Rating for Style: A+
Rating for Substance: A+


Image Transfer

Aspect Ratio2.35:1 - Widescreen
Original Aspect Ratioyes

Image Transfer Review: Criterion has invested the time and care we have come to expect from them with this anamorphic transfer. The level of detail present is simply amazing. Take, for example, the scene where Toshiro Mifune is hiding in a group of bamboo trees (as seen on the cover of the disc). You can clearly make out every single leaf in the frame. Some dirt and specks do appear from time to time, and during the duel I noticed a few frames missing. However, this should be expected with a film from 1958, and is a minor problem in this otherwise stunning print.

Image Transfer Grade: A


Audio Transfer

 LanguageRemote Access
Dolby Digital

Audio Transfer Review: The main audio transfer on this disc is a mono track. This is a perfectly good track, no distortion or hissing; dialogue is clear throughout, as are sound effects and ambient noise. Criterion has provided a second track on the disc, a Dolby Digital 3.0 track that is designed to recreate "Perspect-A-Sound," a stereo simulation technique.

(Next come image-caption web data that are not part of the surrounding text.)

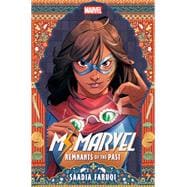 Ms. Marvel: Remnants of the Past book cover, ISBN 9781368078870
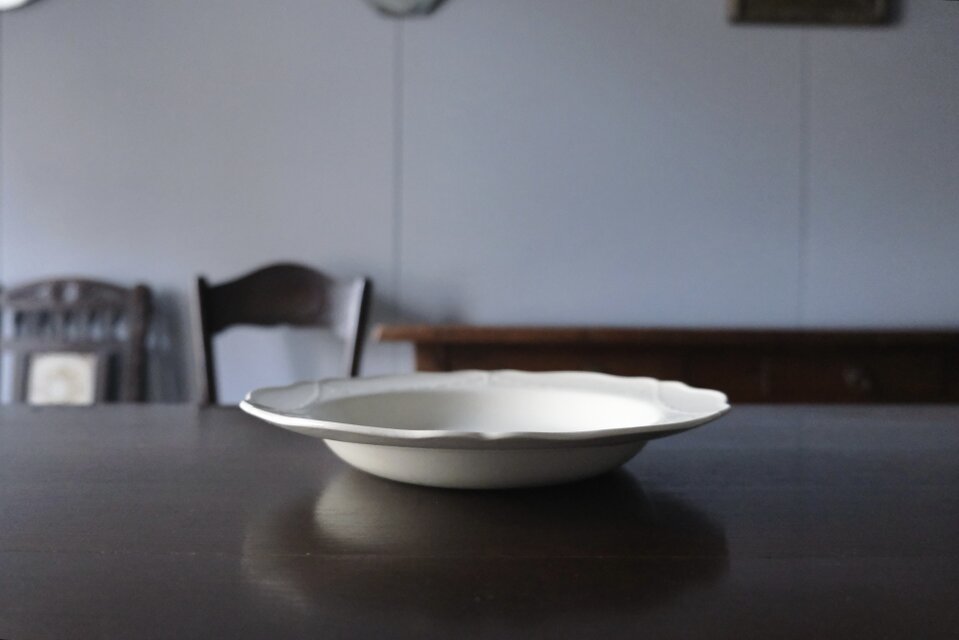 Wedgwood ウェッジウッド ギルランド レリーフ皿 深皿 φ27cm イギリス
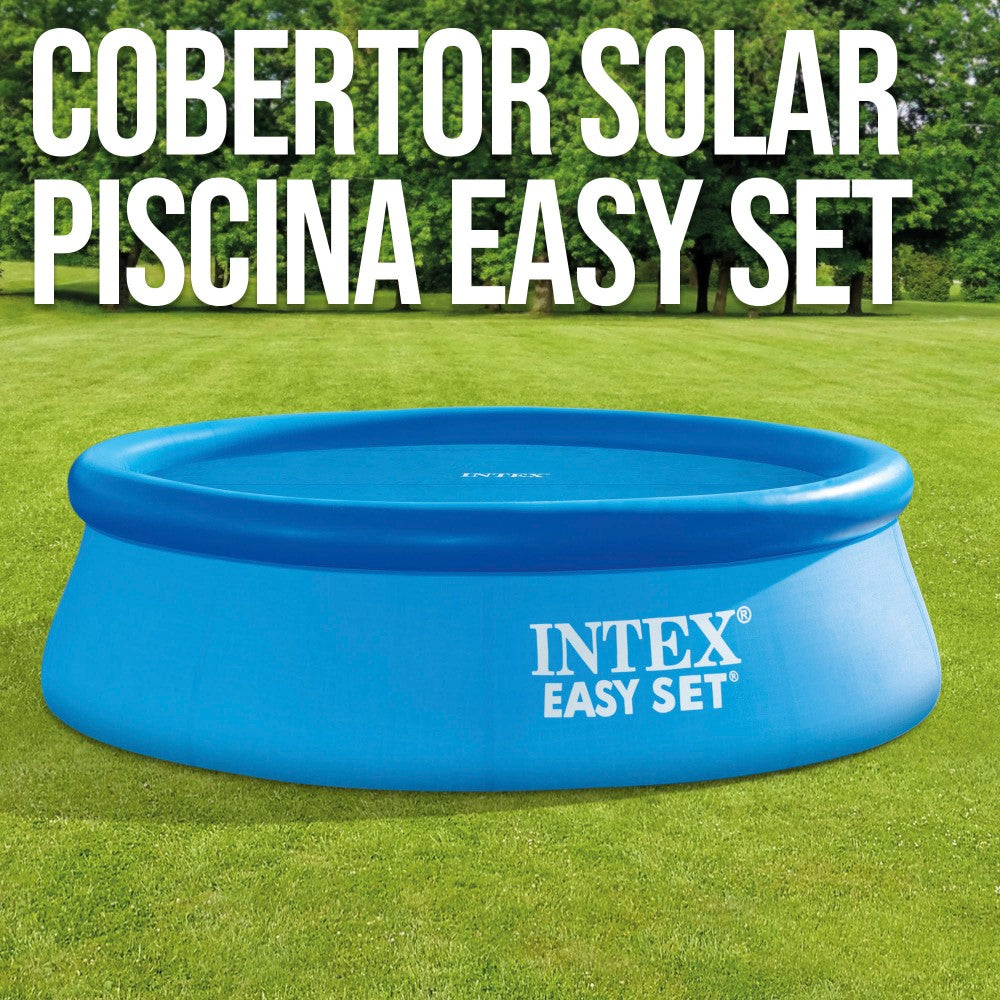 Cobertor Solar Intex Piscinas Redondas Ø244 Cm_1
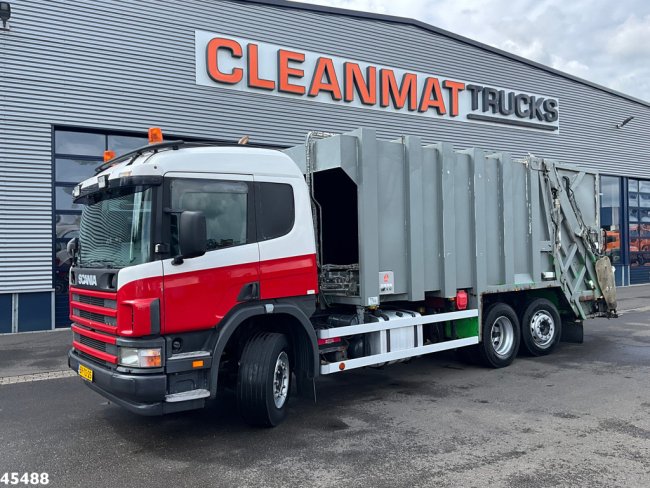 Scania  P 230 VDK 20m³ (0)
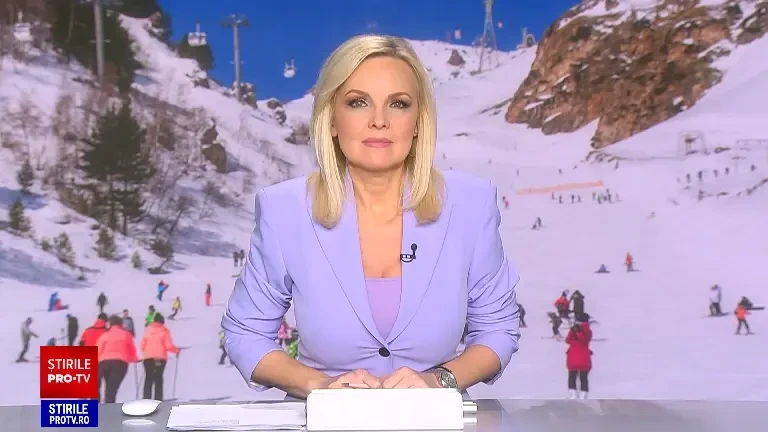 Codurile de vreme rea au adus ninsoarea la care visau turiștii de la munte. Turist străin: ”Îmi place foarte mult România”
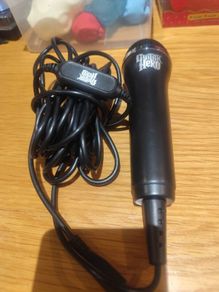 Wii Guitar Heroes Microphone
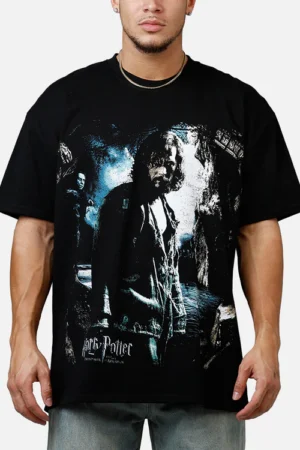 Wizard Prisoner Oversized Graphic T-Shirt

Perspect-A-Sound has three different bass frequencies, which directs different sounds to different speakers, creating simulated stereo. This technique was obviously not as advanced or precise as Dolby Digital or DTS mixing. As a result, this track sounds muddled. Each speaker isn't broadcasting a separate track; it seems as if there is a center track and then one other track split equally between the two front speakers. In one scene, a woman is crying on the left side of the screen. In a Dolby Digital or DTS surround mix, her crying would be securely stationed at the left front speaker. In this, her crying can be heard on both front speakers. The rear surrounds are not used in either track.

Audio Transfer Grade: B


Disc Extras

Static menu
Scene Access with 32 cues and remote access
Subtitles/Captions in English with remote access
1 Original Trailer(s)
Packaging: Amaray
Picture Disc
1 Disc
1-Sided disc(s)
Layers: RSDL

Extra Extras:
  1. Video interview with George Lucas
  2. Color bars
Extras Review: This disc has an exclusive interview with George Lucas about how this film, and Kurosawa in general, has influenced him. He also discusses what the direct influences of The Hidden Fortress was on Star Wars and what similarities between the films were coincidental. This is a great interview. Many people look at Lucas as a commercial filmmaker, so they forget that he has firm roots in foreign films, and Kurosawa in particular. Criterion has also provided film clips and photos when Lucas refers to a certain movie or scene in a movie, for the benefit of those who haven't seen the films he references. The disc contains an unremastered theatrical trailer, letterboxed at 2.35:1, which really shows how great the print on the disc is. The trailer also has a few shots of Kurosawa directing a scene, interestingly enough. Criterion of course provides the standard color bars.

Extras Grade: B


Final Comments

The Hidden Fortress is a grand film that only Akira Kurosawa could have made. Epic yet compelling on a personal level, this film is beyond must see.